Por P. Fernando Pascual
Pocas veces la gente está tan atenta en las iglesias. Pero aquel joven sacerdote había hablado con una fuerza desacostumbrada, y casi todos siguieron la homilía con interés.
El padre abad apreció la energía de aquellas palabras, pero también notó algunos peligros, y quiso enviar una nota al joven sacerdote.
“Quiero, ante todo, animarle en su camino como sacerdote y felicitarle por las palabras que dijo el otro día y que causaron impresión entre las personas.
Por desgracia, muchos bautizados están cansados por homilías insípidas, llenas de tópicos, sin fuego, sin convicción. Ello explica por qué su homilía, diferente de tantas otras, fuese tan bien acogida.
Al mismo tiempo, noté en los contenidos y en el tono de voz un punto sobre el que quisiera ofrecerle estas reflexiones.
Desde luego, no poseo la verdad absoluta en este tema, y tal vez me equivoque.

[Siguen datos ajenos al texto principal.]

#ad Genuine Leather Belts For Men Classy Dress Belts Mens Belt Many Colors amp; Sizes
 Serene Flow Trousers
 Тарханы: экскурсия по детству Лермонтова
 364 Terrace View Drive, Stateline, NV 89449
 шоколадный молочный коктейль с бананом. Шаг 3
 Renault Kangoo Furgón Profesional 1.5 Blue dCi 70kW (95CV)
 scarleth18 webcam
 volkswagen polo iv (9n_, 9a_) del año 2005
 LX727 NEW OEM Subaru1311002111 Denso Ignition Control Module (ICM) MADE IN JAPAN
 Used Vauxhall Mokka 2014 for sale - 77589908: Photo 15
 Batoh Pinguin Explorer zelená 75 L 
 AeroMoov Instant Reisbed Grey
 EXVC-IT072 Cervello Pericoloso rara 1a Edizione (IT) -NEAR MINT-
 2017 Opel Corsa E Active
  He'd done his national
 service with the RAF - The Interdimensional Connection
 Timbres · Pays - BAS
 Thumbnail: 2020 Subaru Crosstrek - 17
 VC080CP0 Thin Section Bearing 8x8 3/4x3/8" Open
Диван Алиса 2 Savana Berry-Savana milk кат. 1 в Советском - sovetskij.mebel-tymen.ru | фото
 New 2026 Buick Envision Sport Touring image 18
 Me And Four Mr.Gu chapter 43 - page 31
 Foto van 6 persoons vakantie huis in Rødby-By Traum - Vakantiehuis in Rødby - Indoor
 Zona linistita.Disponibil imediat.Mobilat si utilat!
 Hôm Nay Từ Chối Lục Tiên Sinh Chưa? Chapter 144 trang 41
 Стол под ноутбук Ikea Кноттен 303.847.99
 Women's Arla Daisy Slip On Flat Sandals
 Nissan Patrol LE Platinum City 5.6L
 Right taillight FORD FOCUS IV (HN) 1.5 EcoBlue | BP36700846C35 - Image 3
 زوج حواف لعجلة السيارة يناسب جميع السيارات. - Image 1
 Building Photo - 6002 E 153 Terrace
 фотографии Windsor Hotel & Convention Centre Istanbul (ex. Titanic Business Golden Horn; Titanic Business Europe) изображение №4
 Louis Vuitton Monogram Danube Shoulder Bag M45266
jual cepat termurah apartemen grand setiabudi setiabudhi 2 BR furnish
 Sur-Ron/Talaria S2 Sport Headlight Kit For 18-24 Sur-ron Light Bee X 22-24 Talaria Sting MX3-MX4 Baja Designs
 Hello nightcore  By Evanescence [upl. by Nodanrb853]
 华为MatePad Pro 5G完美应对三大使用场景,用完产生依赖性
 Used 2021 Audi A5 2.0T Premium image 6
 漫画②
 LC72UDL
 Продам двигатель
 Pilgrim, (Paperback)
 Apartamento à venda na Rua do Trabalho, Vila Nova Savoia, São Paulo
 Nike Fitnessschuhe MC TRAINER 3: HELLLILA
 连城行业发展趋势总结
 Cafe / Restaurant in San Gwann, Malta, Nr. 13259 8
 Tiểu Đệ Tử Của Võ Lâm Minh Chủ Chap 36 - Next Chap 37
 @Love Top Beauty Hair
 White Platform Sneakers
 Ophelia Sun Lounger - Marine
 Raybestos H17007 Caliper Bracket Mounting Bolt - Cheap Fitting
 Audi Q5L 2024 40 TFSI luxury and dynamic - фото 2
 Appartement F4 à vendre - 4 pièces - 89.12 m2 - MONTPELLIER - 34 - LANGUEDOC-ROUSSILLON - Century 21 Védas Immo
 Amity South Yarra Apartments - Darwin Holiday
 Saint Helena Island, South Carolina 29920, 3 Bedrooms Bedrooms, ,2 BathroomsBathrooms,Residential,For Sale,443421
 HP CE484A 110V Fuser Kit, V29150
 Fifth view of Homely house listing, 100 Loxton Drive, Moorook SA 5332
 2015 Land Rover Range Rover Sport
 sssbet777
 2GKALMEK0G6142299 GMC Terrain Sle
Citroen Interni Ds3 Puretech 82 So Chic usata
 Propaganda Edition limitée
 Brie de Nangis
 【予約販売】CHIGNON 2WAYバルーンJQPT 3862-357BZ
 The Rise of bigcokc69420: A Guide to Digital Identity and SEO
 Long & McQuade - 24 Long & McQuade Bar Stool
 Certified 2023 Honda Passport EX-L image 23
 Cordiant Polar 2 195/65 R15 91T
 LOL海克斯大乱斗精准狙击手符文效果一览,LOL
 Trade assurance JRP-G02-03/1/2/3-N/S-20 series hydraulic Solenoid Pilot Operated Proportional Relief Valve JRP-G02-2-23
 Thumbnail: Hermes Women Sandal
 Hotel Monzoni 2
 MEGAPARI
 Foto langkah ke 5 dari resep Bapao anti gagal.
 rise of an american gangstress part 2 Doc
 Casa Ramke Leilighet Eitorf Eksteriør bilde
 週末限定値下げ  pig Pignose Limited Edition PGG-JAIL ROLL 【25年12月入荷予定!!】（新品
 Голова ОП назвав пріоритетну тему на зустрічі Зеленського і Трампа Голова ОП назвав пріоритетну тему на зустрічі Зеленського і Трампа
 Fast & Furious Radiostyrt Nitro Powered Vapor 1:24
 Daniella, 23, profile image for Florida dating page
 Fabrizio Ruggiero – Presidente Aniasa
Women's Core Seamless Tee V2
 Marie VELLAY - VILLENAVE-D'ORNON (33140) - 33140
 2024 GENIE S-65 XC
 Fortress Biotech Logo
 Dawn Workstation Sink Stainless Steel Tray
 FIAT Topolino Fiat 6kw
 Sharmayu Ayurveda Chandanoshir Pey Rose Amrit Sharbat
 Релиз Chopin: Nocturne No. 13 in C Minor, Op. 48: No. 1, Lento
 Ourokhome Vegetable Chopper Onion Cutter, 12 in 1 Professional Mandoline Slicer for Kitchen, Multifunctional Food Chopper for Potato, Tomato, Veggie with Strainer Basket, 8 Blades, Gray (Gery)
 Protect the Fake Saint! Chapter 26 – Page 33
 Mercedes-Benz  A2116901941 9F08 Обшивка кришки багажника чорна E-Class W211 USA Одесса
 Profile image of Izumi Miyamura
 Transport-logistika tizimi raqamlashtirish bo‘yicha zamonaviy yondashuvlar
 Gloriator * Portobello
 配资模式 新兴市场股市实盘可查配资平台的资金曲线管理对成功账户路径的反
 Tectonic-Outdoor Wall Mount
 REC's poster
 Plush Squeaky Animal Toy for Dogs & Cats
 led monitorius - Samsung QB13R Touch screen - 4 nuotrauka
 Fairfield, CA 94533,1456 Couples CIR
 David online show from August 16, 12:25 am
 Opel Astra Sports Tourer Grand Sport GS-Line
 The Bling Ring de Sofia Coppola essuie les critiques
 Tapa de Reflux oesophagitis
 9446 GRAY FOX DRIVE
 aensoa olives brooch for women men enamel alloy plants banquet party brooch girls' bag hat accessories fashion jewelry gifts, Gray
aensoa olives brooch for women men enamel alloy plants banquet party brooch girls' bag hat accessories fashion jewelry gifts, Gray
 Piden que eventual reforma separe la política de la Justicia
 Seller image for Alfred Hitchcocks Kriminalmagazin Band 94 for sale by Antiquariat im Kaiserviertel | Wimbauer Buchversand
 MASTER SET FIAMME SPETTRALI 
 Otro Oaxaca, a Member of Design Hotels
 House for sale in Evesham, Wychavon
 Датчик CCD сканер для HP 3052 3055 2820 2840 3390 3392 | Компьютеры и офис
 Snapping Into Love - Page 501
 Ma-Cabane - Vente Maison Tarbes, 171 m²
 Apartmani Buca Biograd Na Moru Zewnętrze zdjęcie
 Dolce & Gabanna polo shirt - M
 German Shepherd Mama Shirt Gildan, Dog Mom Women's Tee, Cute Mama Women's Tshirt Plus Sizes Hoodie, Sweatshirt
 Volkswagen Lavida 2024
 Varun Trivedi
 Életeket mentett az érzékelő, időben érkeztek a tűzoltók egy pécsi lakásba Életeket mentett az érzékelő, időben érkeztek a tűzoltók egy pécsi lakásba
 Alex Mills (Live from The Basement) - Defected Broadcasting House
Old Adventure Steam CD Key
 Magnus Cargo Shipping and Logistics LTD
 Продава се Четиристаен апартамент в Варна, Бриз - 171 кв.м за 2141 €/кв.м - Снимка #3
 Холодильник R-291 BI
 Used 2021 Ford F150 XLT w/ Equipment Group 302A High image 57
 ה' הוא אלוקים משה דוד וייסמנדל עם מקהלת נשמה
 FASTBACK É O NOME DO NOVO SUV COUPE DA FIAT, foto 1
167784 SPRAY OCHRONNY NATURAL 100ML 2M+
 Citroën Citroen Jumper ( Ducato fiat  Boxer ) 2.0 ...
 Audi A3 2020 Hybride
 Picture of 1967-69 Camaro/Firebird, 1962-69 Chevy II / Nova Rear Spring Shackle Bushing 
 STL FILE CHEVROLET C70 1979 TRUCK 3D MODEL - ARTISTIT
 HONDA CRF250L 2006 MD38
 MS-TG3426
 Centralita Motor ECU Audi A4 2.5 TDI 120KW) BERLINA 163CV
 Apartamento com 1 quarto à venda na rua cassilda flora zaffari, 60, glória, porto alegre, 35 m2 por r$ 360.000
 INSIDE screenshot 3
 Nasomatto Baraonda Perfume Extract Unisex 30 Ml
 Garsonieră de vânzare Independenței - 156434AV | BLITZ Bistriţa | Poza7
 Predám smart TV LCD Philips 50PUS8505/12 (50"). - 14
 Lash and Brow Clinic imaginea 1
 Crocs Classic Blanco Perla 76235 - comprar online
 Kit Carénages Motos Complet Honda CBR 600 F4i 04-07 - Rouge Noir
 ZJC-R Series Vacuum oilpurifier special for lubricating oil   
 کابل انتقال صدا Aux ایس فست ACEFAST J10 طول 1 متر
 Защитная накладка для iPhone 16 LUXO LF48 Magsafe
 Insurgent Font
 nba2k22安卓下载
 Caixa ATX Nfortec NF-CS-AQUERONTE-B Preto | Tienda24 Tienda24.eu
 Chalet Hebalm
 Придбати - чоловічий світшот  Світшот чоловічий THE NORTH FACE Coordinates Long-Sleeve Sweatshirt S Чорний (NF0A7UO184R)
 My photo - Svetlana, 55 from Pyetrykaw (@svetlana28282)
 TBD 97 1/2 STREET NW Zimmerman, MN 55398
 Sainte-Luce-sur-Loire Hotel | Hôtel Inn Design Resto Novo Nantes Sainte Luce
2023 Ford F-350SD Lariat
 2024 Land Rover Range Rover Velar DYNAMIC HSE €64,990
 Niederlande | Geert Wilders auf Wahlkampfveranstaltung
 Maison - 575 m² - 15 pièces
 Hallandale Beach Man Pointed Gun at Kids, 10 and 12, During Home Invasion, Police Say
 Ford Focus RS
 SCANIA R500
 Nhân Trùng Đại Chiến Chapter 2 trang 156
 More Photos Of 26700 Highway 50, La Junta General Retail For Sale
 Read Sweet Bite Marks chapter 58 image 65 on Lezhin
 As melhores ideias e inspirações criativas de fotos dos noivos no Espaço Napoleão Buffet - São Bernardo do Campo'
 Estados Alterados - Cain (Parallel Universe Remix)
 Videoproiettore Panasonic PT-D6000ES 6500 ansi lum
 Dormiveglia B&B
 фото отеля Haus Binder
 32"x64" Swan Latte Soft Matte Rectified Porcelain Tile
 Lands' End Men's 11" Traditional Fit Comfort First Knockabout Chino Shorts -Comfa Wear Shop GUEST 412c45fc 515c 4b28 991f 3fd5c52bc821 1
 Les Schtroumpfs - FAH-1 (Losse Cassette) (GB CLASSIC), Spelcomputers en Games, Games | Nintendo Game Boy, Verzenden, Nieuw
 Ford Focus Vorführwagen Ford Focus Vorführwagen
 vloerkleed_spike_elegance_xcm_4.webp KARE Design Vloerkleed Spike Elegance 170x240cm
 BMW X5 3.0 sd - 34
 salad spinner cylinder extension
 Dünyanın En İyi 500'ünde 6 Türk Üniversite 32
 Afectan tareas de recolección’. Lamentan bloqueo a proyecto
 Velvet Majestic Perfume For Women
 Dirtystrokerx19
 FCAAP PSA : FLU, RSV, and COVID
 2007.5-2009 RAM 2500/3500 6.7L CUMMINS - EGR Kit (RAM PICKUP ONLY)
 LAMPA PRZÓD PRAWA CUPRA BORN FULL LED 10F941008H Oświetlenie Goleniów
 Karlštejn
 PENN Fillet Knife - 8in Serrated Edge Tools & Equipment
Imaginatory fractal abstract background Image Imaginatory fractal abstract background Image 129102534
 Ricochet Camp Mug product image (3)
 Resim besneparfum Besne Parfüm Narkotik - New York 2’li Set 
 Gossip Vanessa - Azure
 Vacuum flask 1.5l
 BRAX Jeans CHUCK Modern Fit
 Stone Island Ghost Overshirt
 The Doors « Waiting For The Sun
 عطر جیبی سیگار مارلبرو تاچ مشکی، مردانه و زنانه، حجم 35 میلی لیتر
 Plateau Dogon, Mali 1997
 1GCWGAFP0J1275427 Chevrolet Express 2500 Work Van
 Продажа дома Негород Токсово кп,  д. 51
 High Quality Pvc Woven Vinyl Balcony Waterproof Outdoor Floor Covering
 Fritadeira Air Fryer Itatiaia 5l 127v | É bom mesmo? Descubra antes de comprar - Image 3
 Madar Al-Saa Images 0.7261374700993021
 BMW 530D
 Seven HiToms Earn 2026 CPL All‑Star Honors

Pero confío en Dios que algo de lo que ahora le diga sea de provecho.
Cuando hablamos en una homilía, o catequesis, o conferencia, conviene arrancar siempre desde la pregunta: ¿qué desearía Dios comunicar a estas personas?
Las siguientes preguntas nacen de la anterior: ¿cómo se encuentran las personas que van a escucharme? ¿Cuál sería la mejor manera de ofrecerles un mensaje que viene de Dios y que ilumina los corazones?
Por estas preguntas sentí algo de preocupación al escucharle, pues me daba la impresión de que el centro de su homilía eran sus convicciones personales, pero sin que se viera una conexión directa con las verdades del Evangelio.
Además, se notaba en sus palabras un interés especial por ciertos temas, al mismo tiempo otros quedaban oscurecidos o silenciados.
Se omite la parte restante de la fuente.